** WORK REQUEST **
Repeat the data word for word. Do not include the pictures.

** MATERIAL PROVIDED **
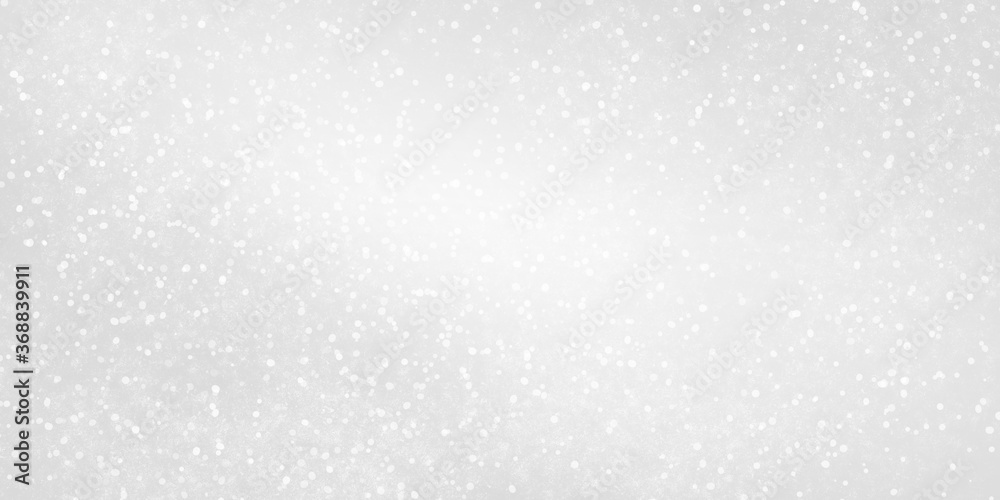 white shiny winter light background with snow and snowfall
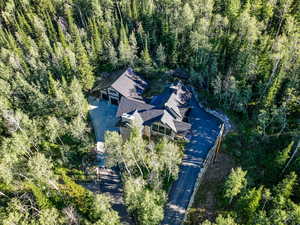 Aerial view of property and surrounding area with a heavily wooded area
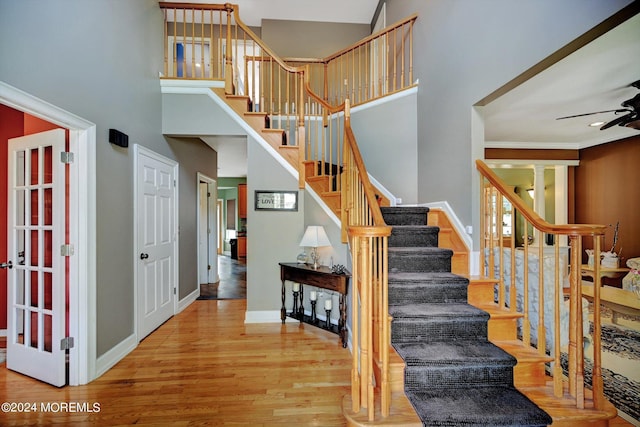 staircase with ceiling fan, crown molding, a high ceiling, and wood-type flooring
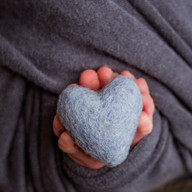 Close-up of a soft blue heart prop held by newborn baby Eliab during Aurora newborn photography session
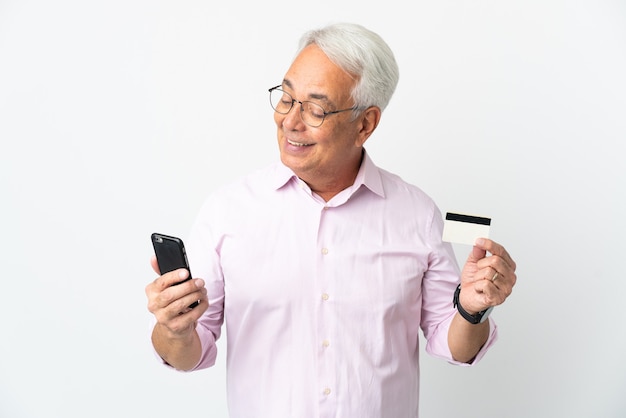 Brasilianischer Mann mittleren Alters lokalisiert auf weißem Hintergrund, der mit dem Handy mit einer Kreditkarte kauft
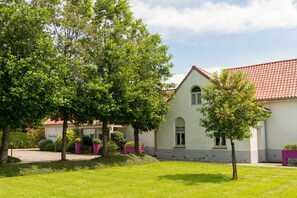 A white building with a red-tiled roof, surrounded by green trees and grass. - Duinhof (De Haan)
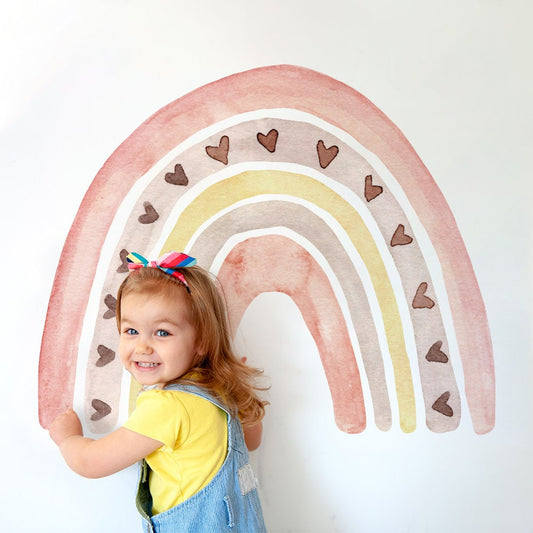 Fröhliches Mädchen mit einem bunten Regenbogen-Wandtattoo im Boho Stil von justgoodmood, ideal für Kinderzimmer Deko.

** ANSWER TO THE PROBLEM **
 white shiny winter light background with snow and snowfall
 Aerial view of property and surrounding area with a heavily wooded area
 staircase with ceiling fan, crown molding, a high ceiling, and wood-type flooring
 Close-up of a soft blue heart prop held by newborn baby Eliab during Aurora newborn photography session
 Brasilianischer Mann mittleren Alters lokalisiert auf weißem Hintergrund, der mit dem Handy mit einer Kreditkarte kauft
 A white building with a red-tiled roof, surrounded by green trees and grass. - Duinhof (De Haan)
 Fröhliches Mädchen mit einem bunten Regenbogen-Wandtattoo im Boho Stil von justgoodmood, ideal für Kinderzimmer Deko.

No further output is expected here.